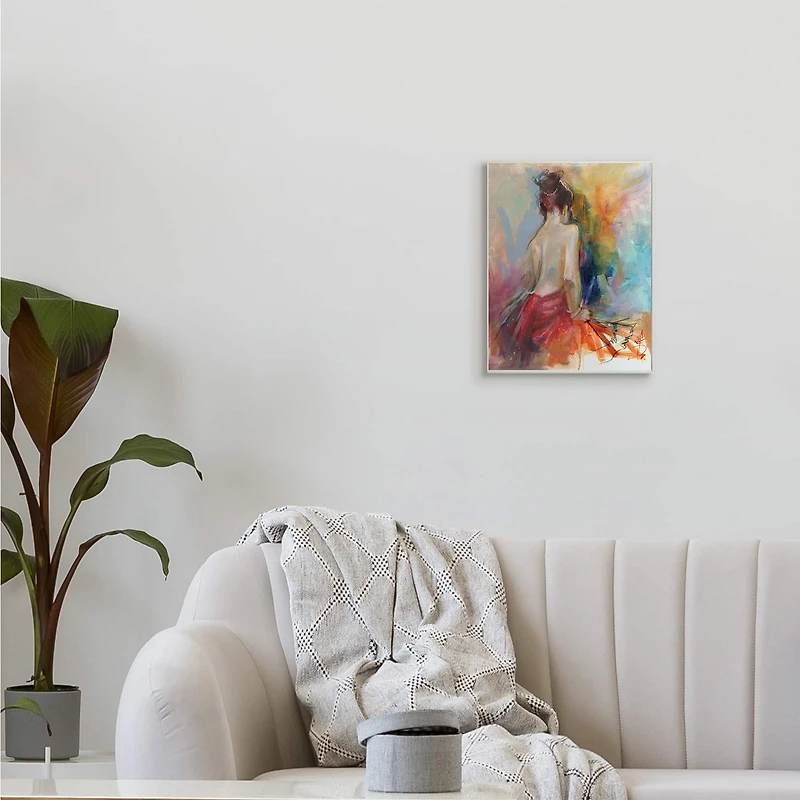 Stupell Industries Contemporary Female Pose Energetic Brush Strokes Wall Plaque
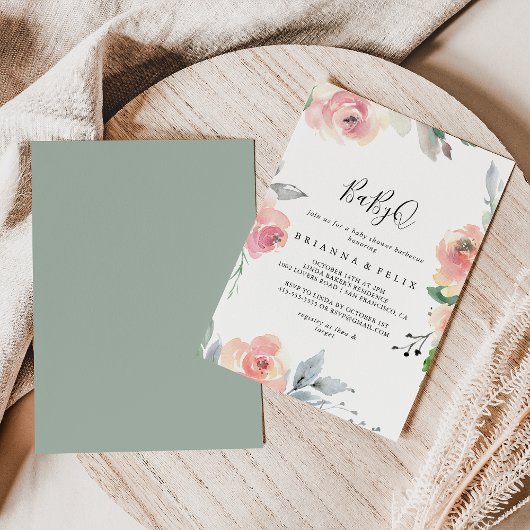 Elegant Roze Blush BabyQ Baby shower Barbecue Kaart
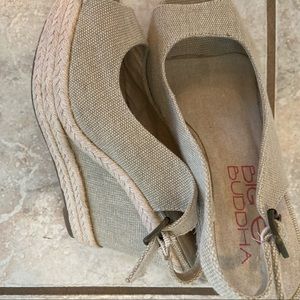 Big Buddha cream wedge sling back shoe size 9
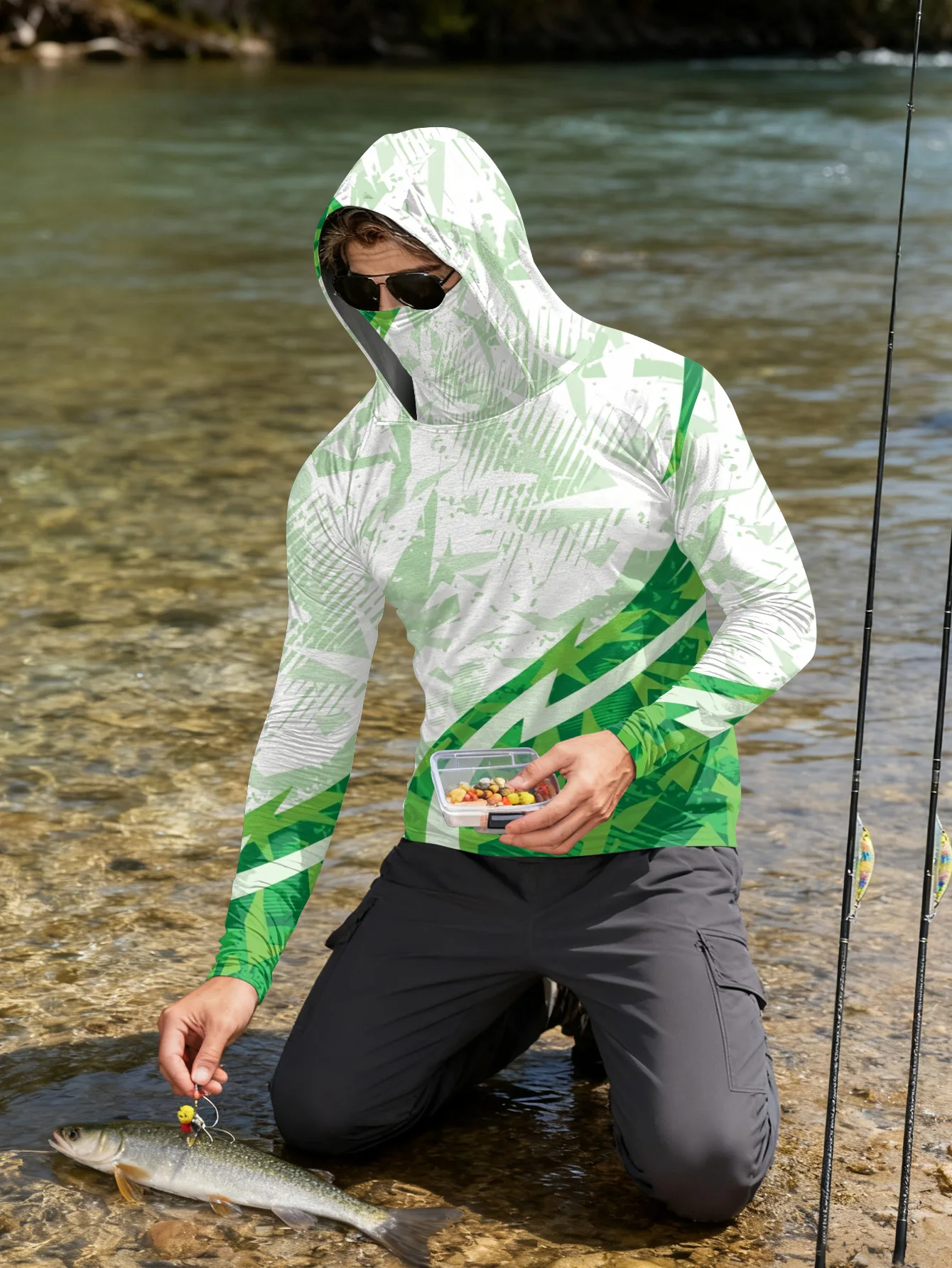 メンズ用フィッシングシャツ、フード付き、UPF（紫外線防御指 - Hiking のレビューと価格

### Action item
Write out again, word for word, only the lines from the one with "Elegant Roze Blush" through the last line of the material, and omit each picture.

### Solution to this exercise
 Elegant Roze Blush BabyQ Baby shower Barbecue Kaart
 Big Buddha cream wedge sling back shoe size 9
 メンズ用フィッシングシャツ、フード付き、UPF（紫外線防御指 - Hiking のレビューと価格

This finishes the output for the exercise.